Mention coal mining and the mental image used to be one of dark tunnels, mining carts, countless miners carrying fragile lanterns into deep mountain recesses.

Much of coal mining today, though, happens above ground. Since the 1970s, in particular, massive equipment and small teams start at the top of a mountain and work their way down.

There are a few terms for the top-to-bottom removal process of coal from mountains, but I find most of them to be a bit euphemistic.

‘Surface mining’ makes it sound like the mining just lifts coal from the surface of the earth. ‘Strip mining’ almost sounds like the mining just takes place on narrow tracts of land, or perhaps that the mountains are de-robing and exposing their coal for the taking. I would suggest ‘topographical tampering’, but that sounds both perjorative and playful at the same time.

Before and after at a mountaintop removal site in Mud River, West Virginia. Source: Treehugger/Google Images

Before and after at a mountaintop removal site in Mud River, West Virginia.
Source: Treehugger/Google Images

Perhaps the most apt term is ‘mountaintop removal’, which at least describes part of the process: the actual removal of entire mountains. In the Appalachian region of the United States, over 500 mountains have already been removed.
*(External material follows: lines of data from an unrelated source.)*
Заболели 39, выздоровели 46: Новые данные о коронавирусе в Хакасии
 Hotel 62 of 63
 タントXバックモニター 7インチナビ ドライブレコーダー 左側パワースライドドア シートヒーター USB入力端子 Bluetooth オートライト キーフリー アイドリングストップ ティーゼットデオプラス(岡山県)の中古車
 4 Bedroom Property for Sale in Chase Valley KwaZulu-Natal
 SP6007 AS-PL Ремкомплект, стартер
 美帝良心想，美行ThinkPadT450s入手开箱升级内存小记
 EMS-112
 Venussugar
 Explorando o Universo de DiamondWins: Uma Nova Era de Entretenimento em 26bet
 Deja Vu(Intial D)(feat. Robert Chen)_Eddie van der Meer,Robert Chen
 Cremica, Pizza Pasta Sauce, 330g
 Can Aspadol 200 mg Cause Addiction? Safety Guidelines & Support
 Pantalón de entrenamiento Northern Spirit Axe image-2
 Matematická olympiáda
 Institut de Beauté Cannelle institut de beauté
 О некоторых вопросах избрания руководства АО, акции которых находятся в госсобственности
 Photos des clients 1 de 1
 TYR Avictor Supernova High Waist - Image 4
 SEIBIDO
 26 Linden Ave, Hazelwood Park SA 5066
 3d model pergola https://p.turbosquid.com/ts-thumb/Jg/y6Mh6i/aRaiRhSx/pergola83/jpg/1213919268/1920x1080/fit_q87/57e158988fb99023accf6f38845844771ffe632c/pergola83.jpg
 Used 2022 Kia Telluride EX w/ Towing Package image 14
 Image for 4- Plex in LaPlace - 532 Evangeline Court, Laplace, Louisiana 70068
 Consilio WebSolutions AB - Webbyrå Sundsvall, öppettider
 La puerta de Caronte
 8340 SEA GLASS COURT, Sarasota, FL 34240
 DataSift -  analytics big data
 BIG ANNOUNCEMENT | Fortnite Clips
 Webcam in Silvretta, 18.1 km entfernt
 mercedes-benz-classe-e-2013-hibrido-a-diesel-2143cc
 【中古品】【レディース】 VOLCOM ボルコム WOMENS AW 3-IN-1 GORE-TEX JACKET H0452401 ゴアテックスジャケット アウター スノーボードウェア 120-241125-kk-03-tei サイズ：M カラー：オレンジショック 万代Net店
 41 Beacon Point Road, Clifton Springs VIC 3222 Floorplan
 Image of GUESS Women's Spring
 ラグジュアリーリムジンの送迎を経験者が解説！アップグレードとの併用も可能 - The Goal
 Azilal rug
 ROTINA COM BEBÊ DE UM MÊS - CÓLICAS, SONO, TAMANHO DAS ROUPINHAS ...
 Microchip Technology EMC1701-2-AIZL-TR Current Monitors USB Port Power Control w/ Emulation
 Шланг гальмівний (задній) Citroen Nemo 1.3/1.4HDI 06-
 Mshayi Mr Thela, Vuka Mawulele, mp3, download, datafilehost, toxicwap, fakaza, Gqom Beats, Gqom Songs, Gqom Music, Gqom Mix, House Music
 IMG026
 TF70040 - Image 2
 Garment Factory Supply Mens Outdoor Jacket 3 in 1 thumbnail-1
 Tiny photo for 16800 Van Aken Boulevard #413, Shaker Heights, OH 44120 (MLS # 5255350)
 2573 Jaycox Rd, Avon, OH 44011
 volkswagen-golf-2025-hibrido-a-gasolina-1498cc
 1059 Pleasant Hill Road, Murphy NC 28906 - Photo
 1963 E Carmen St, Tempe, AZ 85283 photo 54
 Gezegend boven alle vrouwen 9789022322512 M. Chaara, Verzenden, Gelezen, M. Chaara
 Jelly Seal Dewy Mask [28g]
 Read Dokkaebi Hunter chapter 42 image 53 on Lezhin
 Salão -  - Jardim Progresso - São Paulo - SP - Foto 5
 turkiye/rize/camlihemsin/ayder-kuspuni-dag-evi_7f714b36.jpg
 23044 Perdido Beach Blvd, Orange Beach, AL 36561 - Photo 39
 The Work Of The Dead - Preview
Around the world, thousands.

And ‘removed’ is also a term that can be toyed with, because ‘removal’ implies that the mountains have been taken away, when all that’s really been taken away is the coal.

The remaining mountain material hasn’t been removed so much as ‘reconfigured’. Usually into adjacent valleys or rivers, in a process that is very clearly described in the term ‘valley fill’.

This shuffling around of all non-coal ‘debris’ usually includes the forest itself – trees are rarely even harvested for timber in the rush to mine coal – as well as all the topsoil.

Still from Leveling Appalachia: The Legacy of Mountaintop Removal Mining, a video report produced by Yale Environment 360.

Still from Leveling Appalachia: The Legacy of Mountaintop Removal Mining, a 2009 video report produced by Yale Environment 360.

Even in the ever-declining areas where the coal seams are close to the surface, the trees and topsoil (not to mention any other resident ecosystems, obviously) have to be…removed.

Another process that resonates with optimism is ‘mine reclamation’, a sunny-sounding term that implies the mountains will reclaim their former shapes and life once the small amount of coal that was within them has been hauled away.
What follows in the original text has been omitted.